Ночью они перетащили в землянку четыре сундука, взятые с казацких стругов, двенадцать маленьких бочонков с порохом, самопалы и сабли. Имелась на стругах и казна. Не такая большая, как хотелось бы Саньке, но для Мокши и Лёксы, не имевших денег вообще, и то, что они добыли, было несметным богатством.
Монеты представляли собой «белянчики». Санька видел такие в крымском музее. С одной стороны на монетах имелась трезубая тамга, с другой арабская вязь. Санька также помнил, что их начали чеканить при Первом Гирее в середине пятнадцатого века. В нумизматике и арабском Санька понятия не имел, поэтому с годом выпуска монет не определился.
Единственное, что помнил Санька, это то, что на одну монету можно было купить килограмм муки, а за четыре — курицу. Но это в Крыму… Мокша почему-то назвал монету «деньга». И тут Санька вспомнил, что в том же музее говорили, что очень долго на Руси штамповали похожие по размеру деньги. Но, по словам экскурсовода, «белянчик» на Руси имел двойную стоимость из-за большего веса [14]. А за копейку даже при Иване Грозном можно было купить три килограмма зерна.
В общей сложности у Мокши с Лёксой оказалось около трёх тысяч монет.

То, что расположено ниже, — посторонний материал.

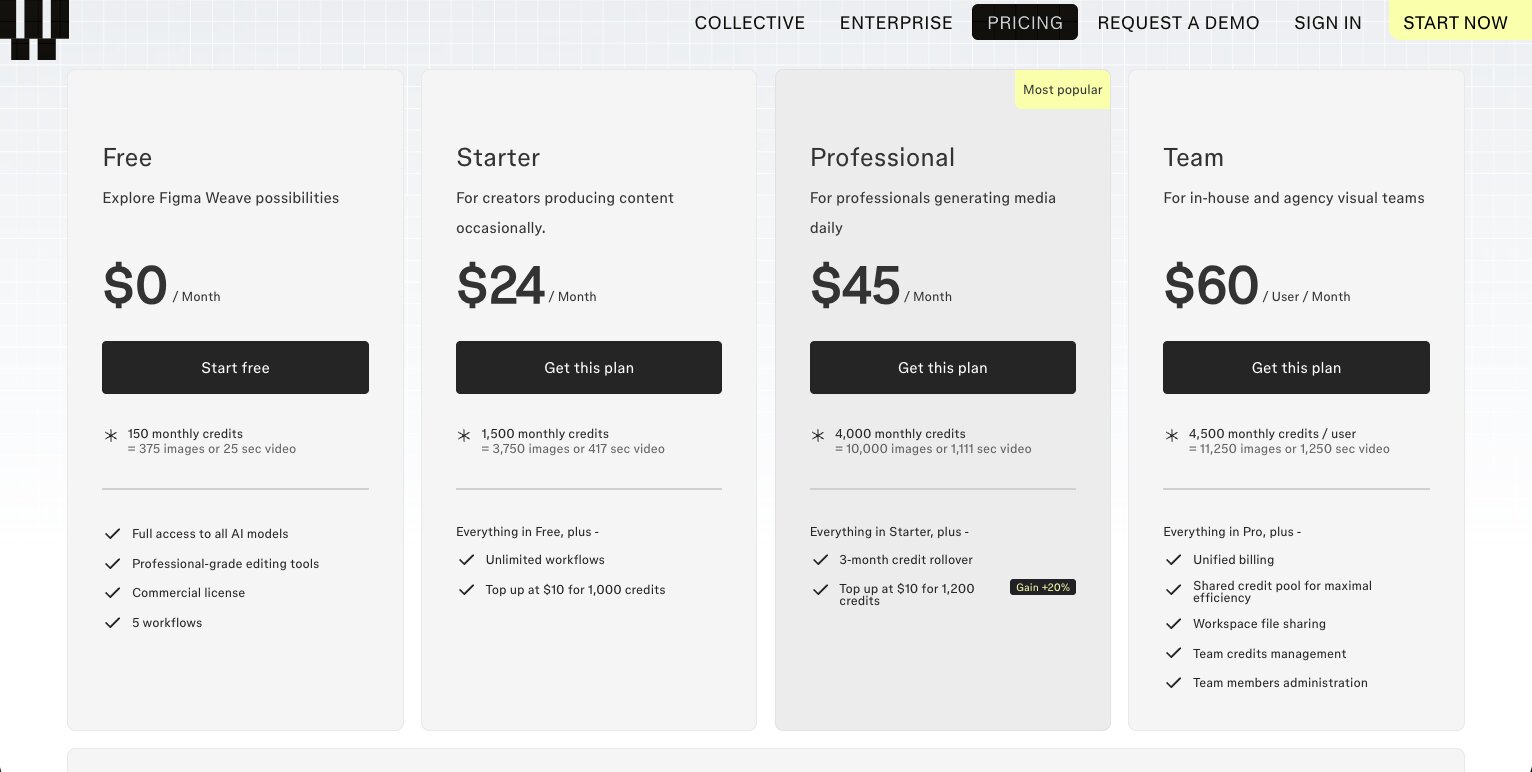 Figma Weave pricing plans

Почему около? Санька принимался считать несколько раз, но всегда то Лёкса, то Мокша его сбивали, вероятно думая, что он играется. Поэтому Санька отмерил монеты горшком, а потом пересчитал количество в одном горшке.
Ракшай быстро сдружился с местными ребятишками. Посёлок состоял из двадцати трёх землянок и в каждой имелось по три-четыре разумного возраста детей. Как понял Санька, лет в двенадцать, человек уже считался взрослым, а, начиная лет с трёх, помогал по хозяйству.

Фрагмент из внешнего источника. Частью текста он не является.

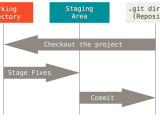 An Introduction To Git And How To Use It With Rstudio The R Class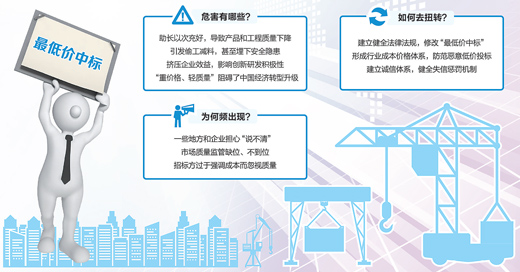 百家實(shí)體企業(yè)經(jīng)營情況調(diào)查：最低價(jià)中標(biāo)，該改改了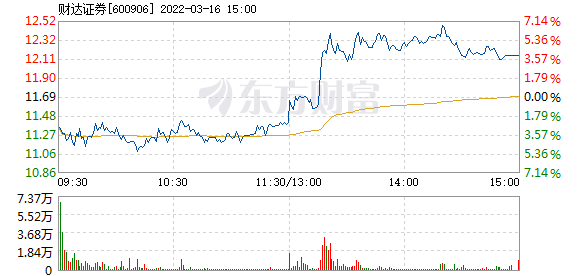 财达证券沧州(财达证券沧州营业部客服电话) 财达证券沧州(财达证券沧州营业部客服电话)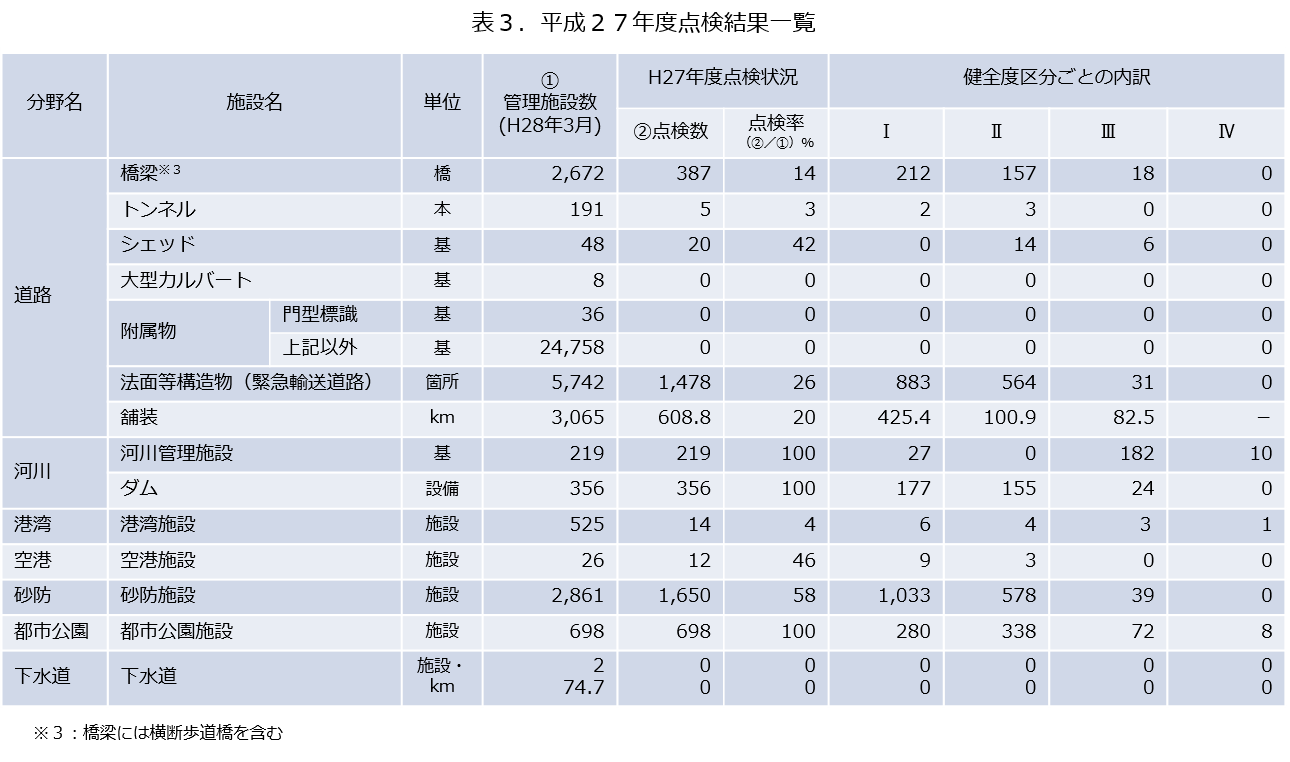 点検結果一覧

Игры у разного возраста детей отличались. Старшие играли во что-то, похожее на лапту, средние — в разные прятки-салки-догонялки. Саньку допустили в среднюю группу. Но, не смотря, на то, что зерно уже было убрано, продовольственные заготовки продолжались. Лес — кормилец, отдавал жёлуди. Их запасали мешками. Как понял Санька, «на чёрный день».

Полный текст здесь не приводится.